TRY IT
Pictures aside, write every record out again word for word.

RECORDS

========================================

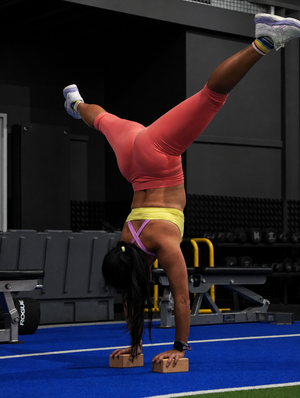 A woman in a handstand pose wearing a coral pink sports bra and leggings with a yellow waistband, performing a handstand on wooden blocks in a gym.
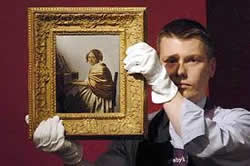 A Young Woman Seated At The Virginals, attributed to Johannes Vermeer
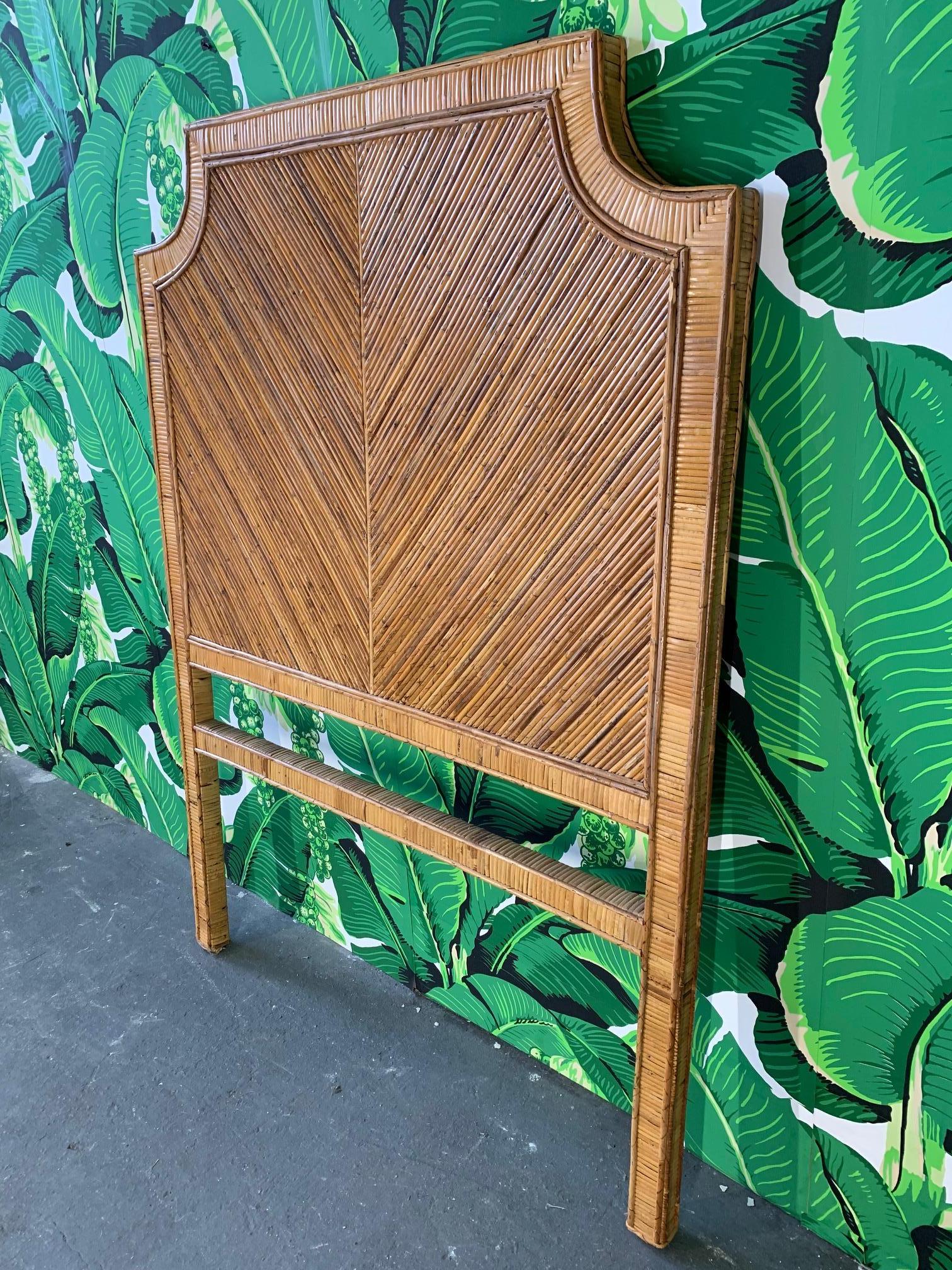Twin headboard wrapped in split reed rattan is a perfect touch of tropical for any decor. Very good condition with only very minor imperfections consistent with age.
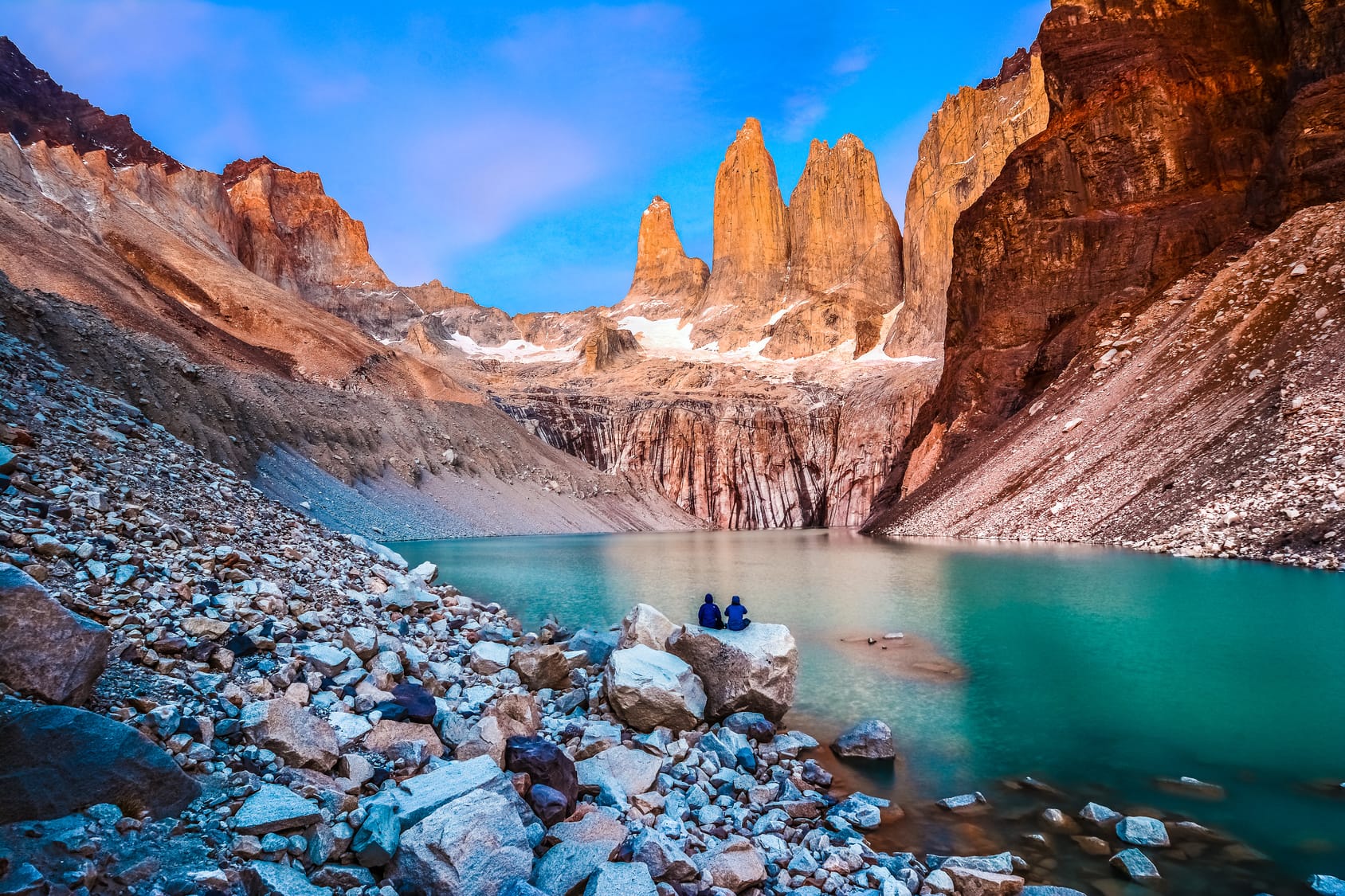 Two hikers sitting on rocks by a turquoise glacial lake at the base of the iconic Torres del Paine granite peaks in Torres del Paine National Park, Chile, under a vibrant blue sky.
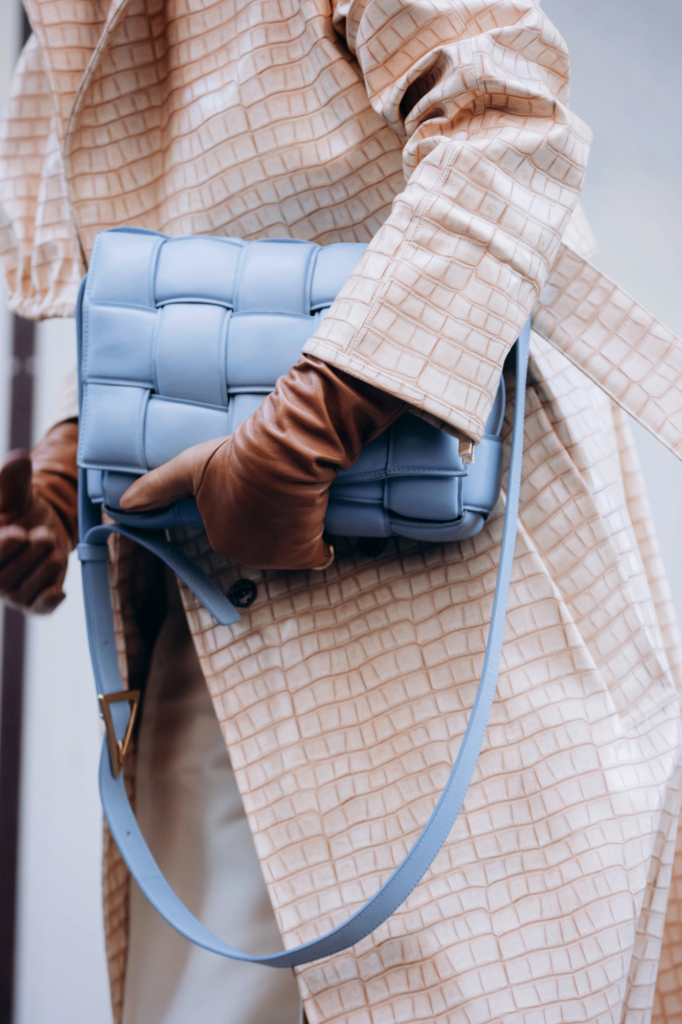 Nő a kezében fog egy táskát - street style fotó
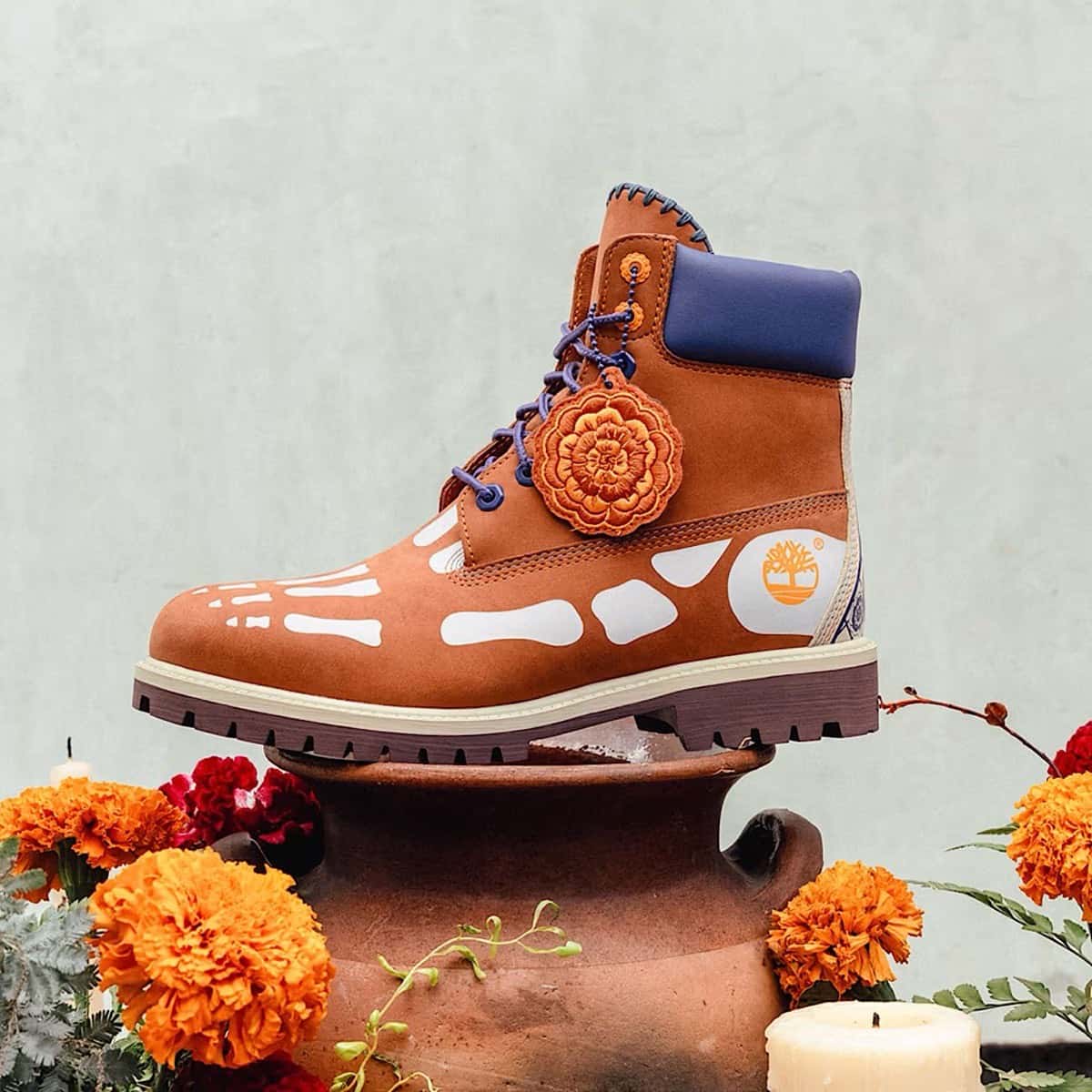 Bota Timberland 6-Inch Día de Muertos en nobuk naranja oscuro con huesos blancos pintados, cuello violeta y un colgante bordado con forma de flor, entre flores de cempasúchil
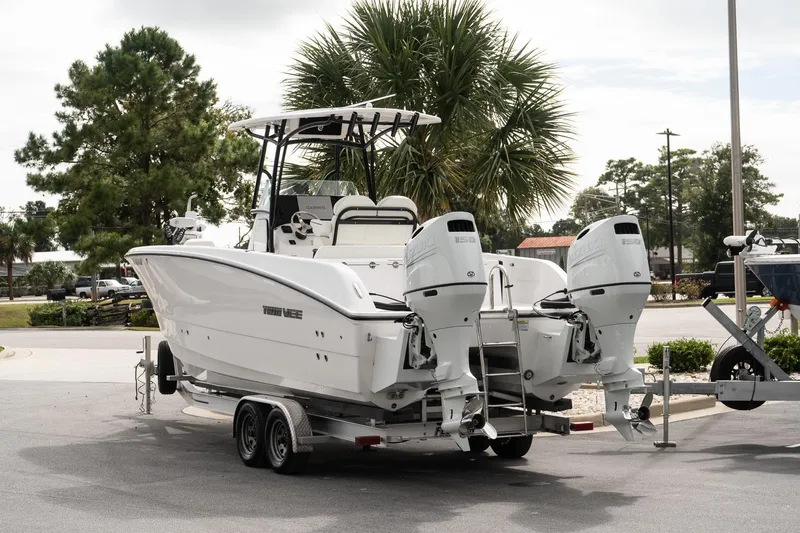 Slide: The Image of 2025 Twin Vee 240 GFX CC boat on trailer with dual outboard engines. - 4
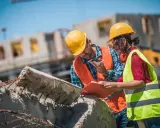 Due operai con caschi gialli e giubbotti ad alta visibilità discutono un progetto di **construction management** su un cantiere.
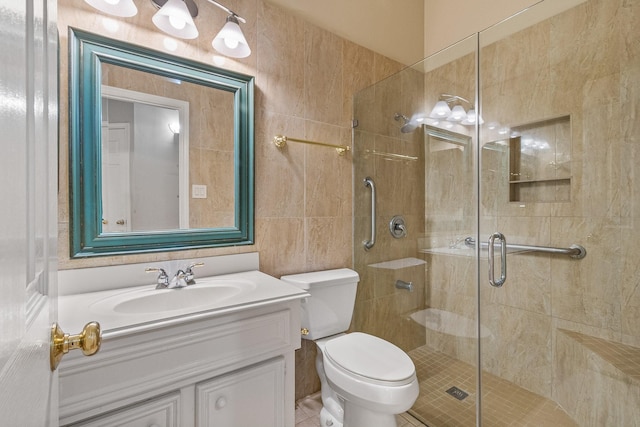 bathroom featuring tile patterned floors, vanity, toilet, and an enclosed shower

========================================

TASK SOLUTION
 A woman in a handstand pose wearing a coral pink sports bra and leggings with a yellow waistband, performing a handstand on wooden blocks in a gym.
 A Young Woman Seated At The Virginals, attributed to Johannes Vermeer
Twin headboard wrapped in split reed rattan is a perfect touch of tropical for any decor. Very good condition with only very minor imperfections consistent with age.
 Two hikers sitting on rocks by a turquoise glacial lake at the base of the iconic Torres del Paine granite peaks in Torres del Paine National Park, Chile, under a vibrant blue sky.
 Nő a kezében fog egy táskát - street style fotó
 Bota Timberland 6-Inch Día de Muertos en nobuk naranja oscuro con huesos blancos pintados, cuello violeta y un colgante bordado con forma de flor, entre flores de cempasúchil
 Slide: The Image of 2025 Twin Vee 240 GFX CC boat on trailer with dual outboard engines. - 4
 Due operai con caschi gialli e giubbotti ad alta visibilità discutono un progetto di **construction management** su un cantiere.
 bathroom featuring tile patterned floors, vanity, toilet, and an enclosed shower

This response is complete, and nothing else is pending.